A breakdown of affordable housing (By Lincoln Stollery, 9th July 2019)
iParters closed out our Caringbah build-to-rent deal on Friday last week. Congratulations to all investors who participated in the fully subscribed deal, we think this is a great trade.
So in taking this time to acknowledge the closure, we thought it would be worthwhile shining the spotlight on what the build-to-rent/affordable housing sector actually is.
What is affordable housing?
Affordable housing (build-to-rent) is housing that is appropriate for the needs of a range of very low to moderate income households and priced so that these households are also able to meet other basic living costs such as food, clothing, transport, medical care and education.
In order to make it affordable, housing rents vary, and are set either as a discount to the market rent or as a percentage of a household’s income.

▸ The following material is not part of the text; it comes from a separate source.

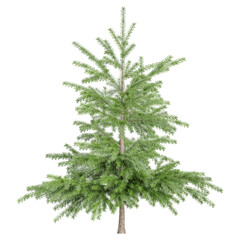 beautiful Balsam fir tree isolated on transparent background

Where rent is set as a discount of the market rent, the discount is usually between 20 and 25% compared to the market rent for a similar property in the area.
In NSW, a voluntary “density bonus” offers developers increased floor space in return for affordable rental housing. The affordable units must be rented to eligible households at 20 per cent market discount for a minimum of 10 years.
It is viewed as an attractive option for investors looking outside core real estate markets to capture value and diversify portfolios.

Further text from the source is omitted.